2010/11/27 20:44:33|旅日記
SAIKAI2010 3)広島平和記念資料館 原爆ドーム

SAIKAI2010
3)広島平和記念資料館 原爆ドーム

  広島駅新幹線口空港リムジンバス停留所近くに14:30頃を目安に集合し、すぐ駅近くのレンタカー店で車を借り、その足で、平和記念館 原爆ドームに行くことになっていた。自分が集合場所であるそこに着いたのは、15:00近くなっていた。それからレンタカー店に行き、車を借りる手続きをして、ドライブを開始し、広島平和資料に着いたのは、15:30を過ぎていた。

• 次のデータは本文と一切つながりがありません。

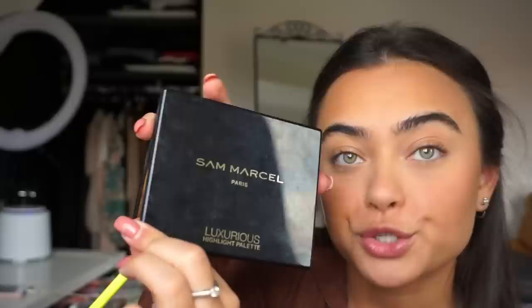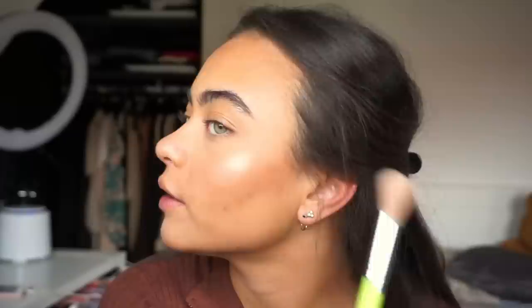For highlighter I'm going to be using the Sam Marcel Luxurious Highlight Palette. I'm going to pick up the color 'Creme' in the middle and pop this on my cheekbones, nose, forehead, chin, and lip — basically everywhere. It's a really pretty highlighter; I love fine highlighters, they're just my favorite.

  東館入り口から入場し、観覧券代50円と音声ガイド借用代300円を支払い中に進む。観覧券代の安さから、この資料館が何を目的としているかが分かる。  
  月曜日の昼下がり、だからか、館内がごった返しているのには程遠い。中高年が多いこと。対象は分からないが、信仰に深く関わっていそうな人相といでたちの一行、観光バスでの和気を断ち切れないままに、急ぎ足でここにやってきたことが一目で分かる一行、そして、日本の観光の途中で立ち寄ったと思われ、る若い外国人カップル。様々な思いでここを目指したのに違いない。  自分達の様に、広島に来たついでに立ち寄った連中、最初からここへ立ち寄ることを一番の目的として、ここに立ち寄った人達、世界中の世界遺産めぐりをして、その一環としてここに立ち寄った人もいるかもしれない。日本人として避けて通れない、世界人として避けて通れない場所、そしていずれは人間として避けて通れないところとなるであろう。

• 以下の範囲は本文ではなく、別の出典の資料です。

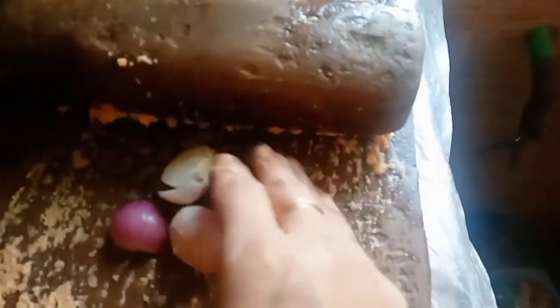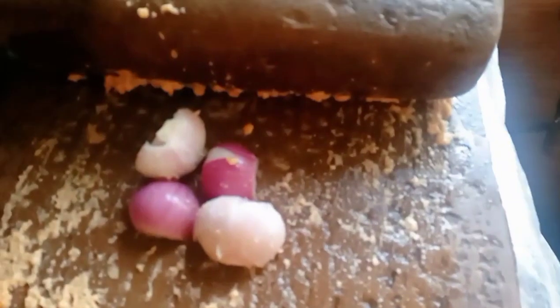Add those vegetables in the oil. Add the seeds into the oil. Add the beans.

  そして、ここを訪れる人は誰でも何故広島に、そして何故この原爆と言う極限の兵器を使わねばならなかったかという疑問を最初に持つのではないか。戦争に終止符を打つことが目的ということは、誰にでも分かる。だが何故広島が標的にされたかは殆どの人が知らない。

  その戦争が何故おこってしまったか、それとて十分に知らされてはいない。その問いと答えが、二度とこの悲劇を起こさせないで済む知恵に結びつくのだろう。
  被爆の悲惨さを学び、知り、そこから、二度とこの惨状を繰り返してはいけない、と肝に銘ずる方法もあるし、終止符を打つために原爆を使わざるを得ないと思わせてしまったこの戦争がどうして起こってしまったのか、そのプロセスを知り、そのプロセスが二度と繰り返されないようにと根源的なところで、自己規制する精神を持たねばならないと肝に銘ずる方法もある。

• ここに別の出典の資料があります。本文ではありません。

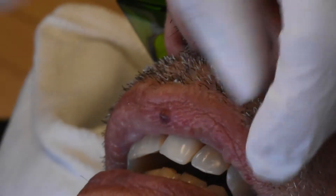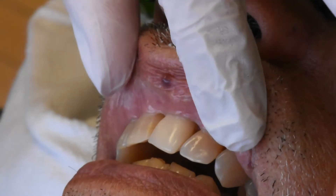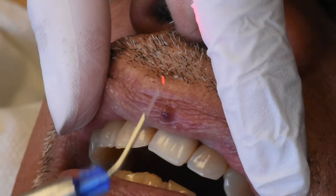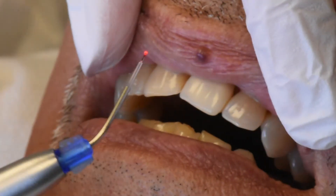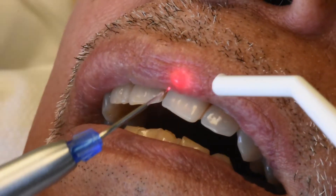We already put some topical numbing gel — this is usually all that's necessary for this procedure — and we're going to get started. We have a diode laser that will help accomplish shrinking this hemangioma. I will be using it on a continuous flow to create the heat in this area.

  最初の東館の展示はこの後者の思いを遂げさせてくれる展示であり、第二次世界大戦の歴史や、原爆投下予定地が絞られてゆく様子が分かり易く展示してあった。東館1階では、ガイダンスから始まり、被爆までの広島、原爆の開発から投下までの歴史が展示されていた。

  @何故原爆が開発されたか?A何故それが日本に投下されることになったか?Bそして投下候補として何故広島が選ばれたか?その答えが説明されている。

  被爆までの広島の佇まい、投下された時刻8:15を指したままでとまっている大きな時計。その時刻は多くの人間の生の終わりと同時に核兵器時代の始まりの時刻でもある。その核兵器時代の終わりを人類は見ることが出来るのか、それとも見るまでもなく人類は滅んでしまうのか、それは誰にも分からない。

  階段を上がり、二、三階へ行くと今度は1945年8月6日午前8時15分以降の占領下での広島と広島市民の惨状収拾の様子や生活の再建、そして平和への取り組みが写真、模型、パネルを使って紹介されている。
  「平和への歩み」のところでは、「原子爆弾は戦争で使われた兵器だが、三たびさく裂させないためには核兵器を地上からなくし、他国と戦わない決意が大切だ。平和への歩みはどんな小さなことでもそこから始まる」とあった。
  確かにそうである。そのためにはどうしたら良いか。人類はこの答えを無条件には未来永劫出せないかもしれない。答えを出そうとする強い気持ちになるには、被爆の悲惨さを体験、または疑似体験するしかないのだろう。本館はまさに、その悲惨さを疑似体験できるようになっている。
  本館では、遺品や被爆資料を展示して1945年(昭和20年8月6日、広島に何が起こったのかを伝えている。動員学徒のボロボロになった学生服、黒こげになった弁当箱、焼け焦げた女子学生の夏服、原爆被災者のジオラマ、8:15を指したままの懐中時計などが展示されていた。これらを見ていると人間が持っている両極端のおろかさを強く感じざるを得ない。仕掛ける愚かさと報復する愚かさである。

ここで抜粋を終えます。